# Thermostat probe placement in beardie viv



## Nick_96297 (Oct 17, 2011)

Hi all currently I have my dimming stat probe in the hot end for my beardie brian and this regulates the temps well but obviously when he is laying on it or moving around when he's shedding etc it is really annoying as I have to put it back where it was and tape it down again etc. 

Where do you other beardie owners have your thermostat probe placed and do you have it off the floor of the viv so a certain cheeky beardie doesn't move it around all the time :lol2:
Thanks

Nick : victory:


----------



## Jeffers3 (May 18, 2010)

Please don't use tape.

Secure it using cable clips, but tape could get stuck to the animal.


----------



## antcherry88 (Mar 28, 2011)

The probe should be in the cool end of the viv not the hot (unless you control the ambient temperature outside of the viv?). The probe should be in the air (not on the floor) at least 4 inches from the walls, and at floor level so it's measuring the air temperature where the reptiles going to be.


----------



## Daemia (Feb 22, 2012)

in my opinion when setting up a basking spot using a dimmer stat the probe should be located close to the basking spot, wether the side or the back of the viv is closest. you can move the location of your basking spot to help with the probe location too and visa versa

then place a temp probe or whatever thermometer on the actual basking area

then adjust the control on the dimmer stat to get the right temp reading on the thermometer at the basking spot

the fact the setting ont he dimmerstat wont be true to what the basking spot temp is dosent matter, aslong as the reading on the spot is correct using your thermometer then all is well

the light shouldnt really be dimming as the sun wouldnt, as with a stat on a heat mat the dimmerstat would only need to kick in should the temp just get that bit too much for the beardie

if you find its dimming alot then lower the wattage of the basking bulb, if your struggling to get the temp up then get a higher wattage basking bulb

no one can advise you on the exact wattage and probe distance location blah blah coz its different in all setups its just something you need to work out


----------



## Jeffers3 (May 18, 2010)

Strictly speaking, you should place any thermostat probe close to the spot that you are trying to control. However, many probes only go up to 92F, so they can't be used in this way for hot spots such as the basking area of bearded dragons.

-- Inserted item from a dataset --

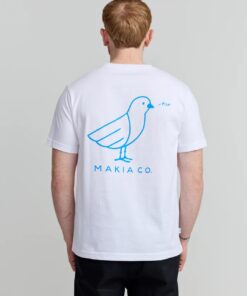 Tweeter T-Shirt White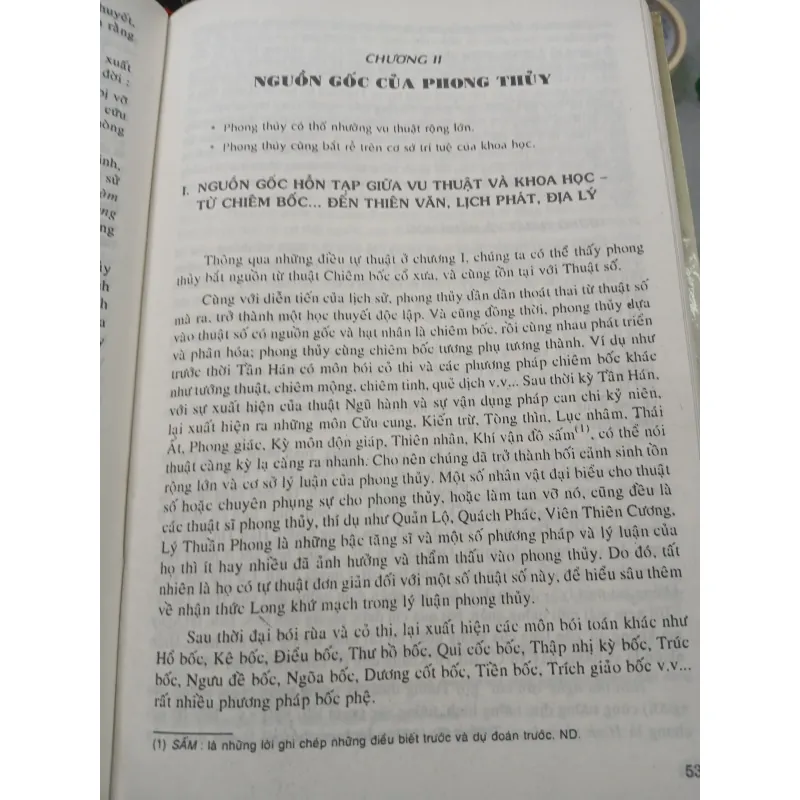 LỊCH SỬ PHONG THỦY - HÀ TIỂU HÂN & LA TUẦN (Người dịch: Ngô Xuân Thiều) 777316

Many people resort to a safety first approach and just control the cool end. If you can't balance the temperatures, this is probably the safest approach, but it's clearly not ideal. The major problem with this is that by the time the cool end reaches temperature and switches off the heat source, the temperature can get very high in the hot end. Unfortunately, this can mean that the cool end continues to heat up for some time after the power is switched off.

I place the probe in the warm end, but not directly under the heat source. The design of my viv helps with the gradient (it's a long, narrow and has vents positioned to create an air flow from the cool end to the warm).

I am not going to say that you must do this. Other people set their vivs up differently and successfully. Also, different viv designs require a different approach.


----------



## Nick_96297 (Oct 17, 2011)

Jeffers3 said:


> Strictly speaking, you should place any thermostat probe close to the spot that you are trying to control. However, many probes only go up to 92F, so they can't be used in this way for hot spots such as the basking area of bearded dragons.
> 
> Many people resort to a safety first approach and just control the cool end. If you can't balance the temperatures, this is probably the safest approach, but it's clearly not ideal. The major problem with this is that by the time the cool end reaches temperature and switches off the heat source, the temperature can get very high in the hot end. Unfortunately, this can mean that the cool end continues to heat up for some time after the power is switched off.
> 
> ...


Thanks jeffers I was thinking the exact same thing as you!, great minds think alike!, I was thinking that it would take ages for the cool end to get up to normal temp in the morning from night time temp and by which time the basking temp could get very high.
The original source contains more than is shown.